From quarks to cosmos, physics offers a portal into understanding how the world works at a fundamental level and a view of the frontier of the unanswered questions that remain.
The introductory physics sequence involves studying mechanics, as well as electricity and magnetism, both of which incorporate an introduction to programming using VPython. The Physics minor offers students the opportunity to study quantum mechanics and thermodynamics and more advanced computational approaches to modeling scientific phenomena. Through a partnership with the University of Texas at Austin, students also have the opportunity to take courses in nanotechnology.
The Classroom and Beyond
Students have the opportunity to carry out research with a faculty mentor. Currently, the main research focus of the faculty is on atmospheric science, where we launch instruments attached to a weather balloon that provide a vertical profile of the ozone concentration along with pressure, temperature, relative humidity, and the wind speed and direction from the surface up to the where the balloon bursts at approximately 100,000 feet in altitude.
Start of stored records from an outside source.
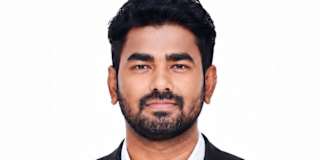 Vijay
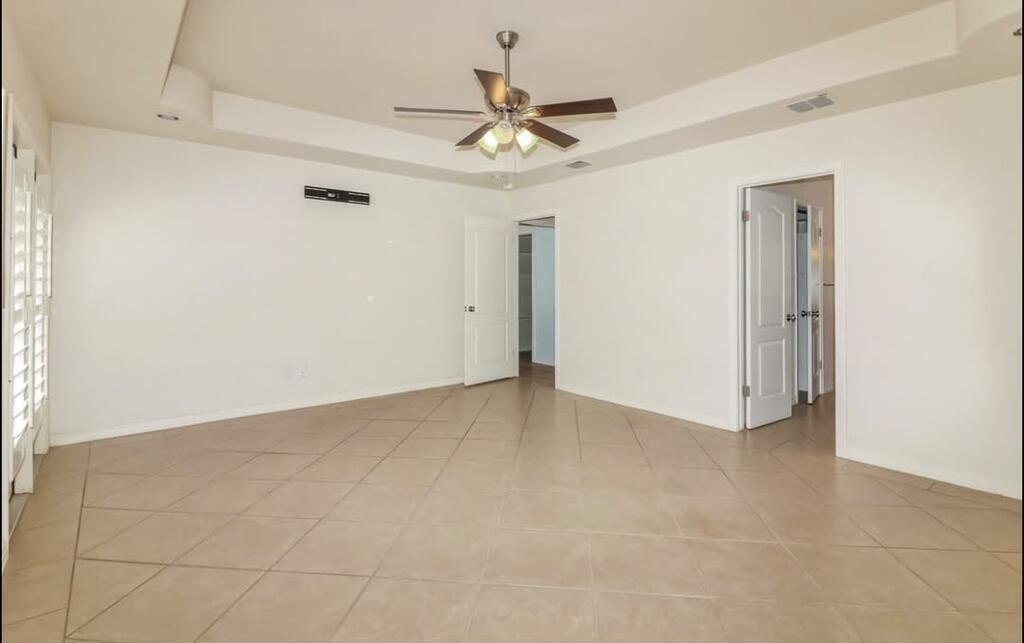 133 Sd 140 Property Photo 3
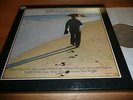 CBS 6 LP BOX PABLO CASALS PRADES & PERPIGNAN 1950-52 NM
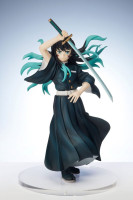 Demon Slayer: Kimetsu no Yaiba ConoFig Statue Muichiro Tokito 16 cm Hobby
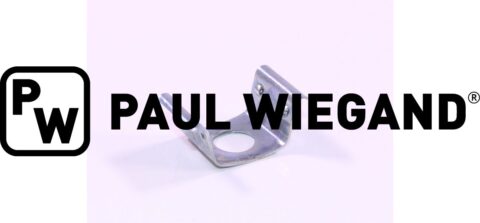 Zacisk Hako części standardowe przewód hamulcowy ocynkowany l: 32 w: 19 h: 14 s: 0.7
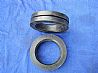 Damping block/1308B03-017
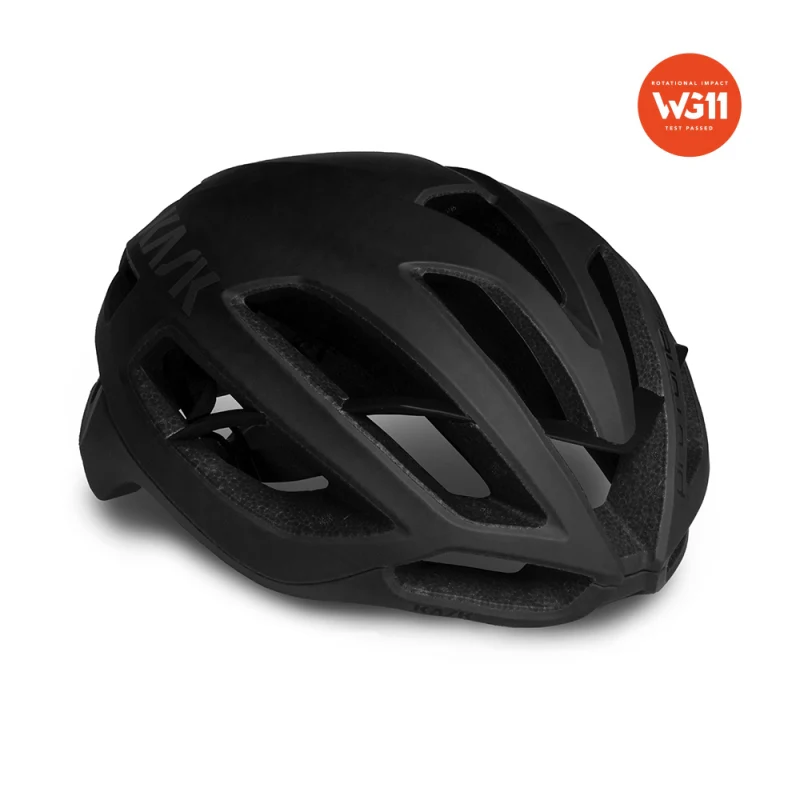 Kask Protone Icon WG11 Helmet - Image 2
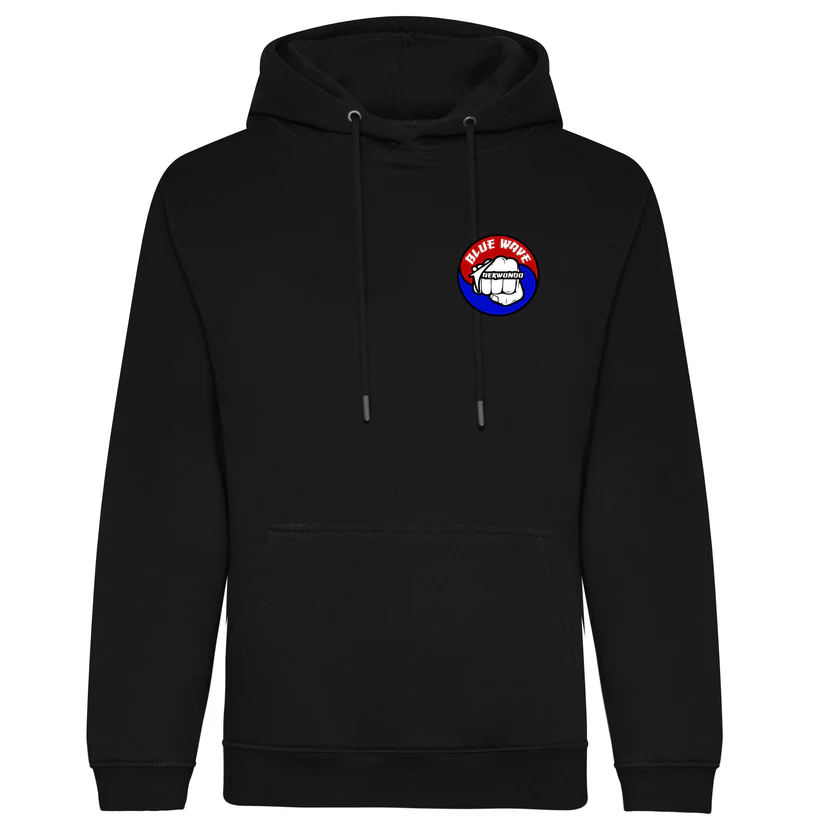 Buy Adult-Hoodie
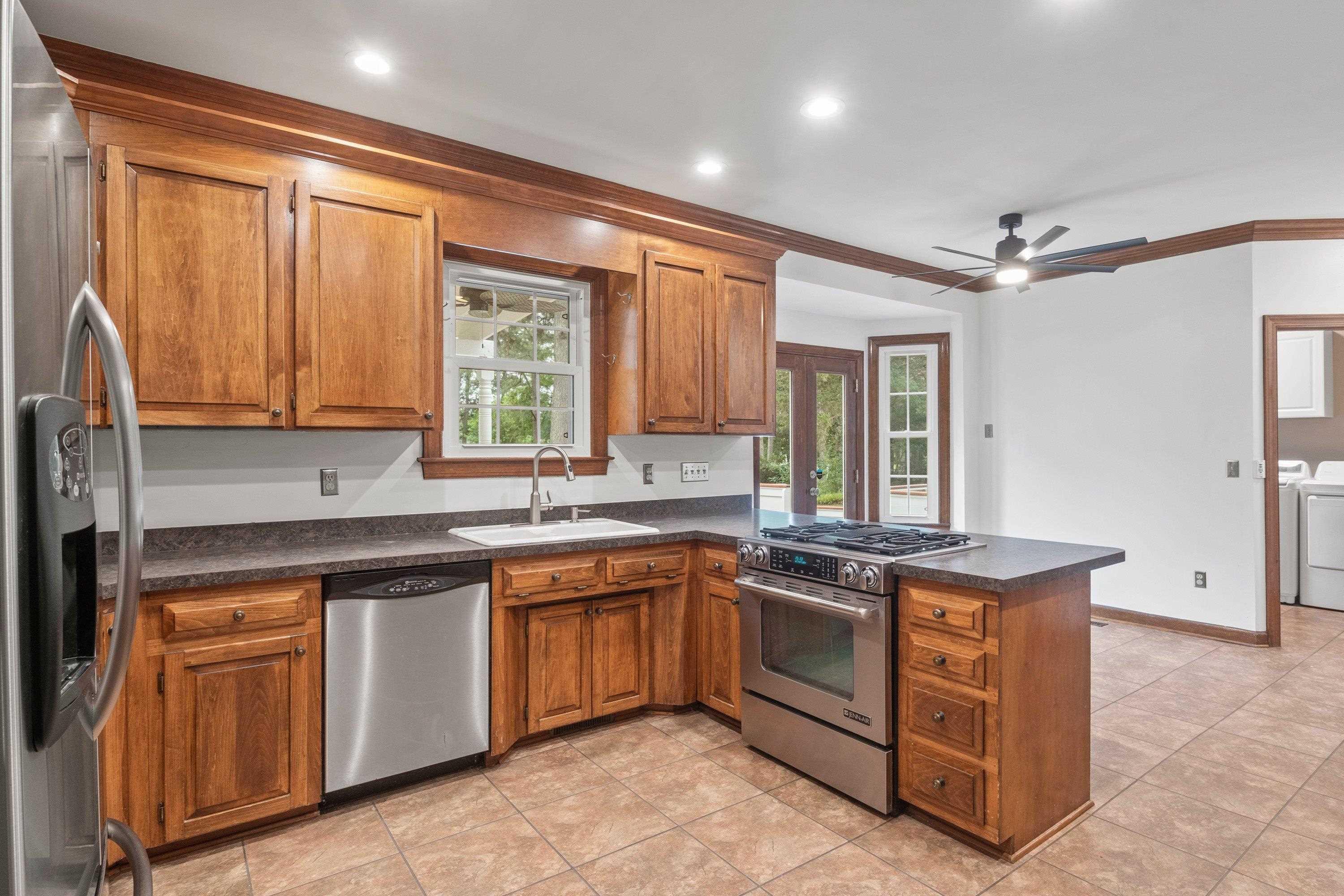 3708 Beaver Creek Drive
Among other things, these measurements can help inform what factors are affecting air quality at the surface in urban areas.
A common conference for students interested in physics to attend and present their work is the Texas Section of the American Physical Society Meeting, which takes place once each semester.
Students are also invited to join the Physics Club, which in addition to various activities, helps prepare students for the different opportunities available to students studying physics.
Required Courses (8 hours)
- PHYS 2425 University Physics I or PHYS 2325, 2125 University Physics I, Lab
- PHYS 2426 University Physics II or PHYS 2326, 2126 University Physics II, Lab
Electives (10 hours total)
- PHYS or CHEM 3336, 3136 Physical Chemistry I, Lab
- PHYS or CHEM 3337 Physical Chemistry II
- PHYS, BINF, COSC, or MATH 3338 Numerical and Scientific Methods
- PHYS 3345 Special Topics
- PHYS 4146, 4246, 4346, 4446 Independent Study
SEU to You
Associate Professor of Physics Paul Walter’s course incorporates an online tool that makes complicated textbook passages more accessible and exams that incorporate team and individual rounds. Lab activities focus on data analysis and opportunities to use VPython.
”Our faculty employ an engaging, student-centered approach to teaching physics and astronomy and are readily available to help students outside of class. Students of any major are welcome to work with our physics faculty on research on a variety of projects in atmospheric science and air quality.”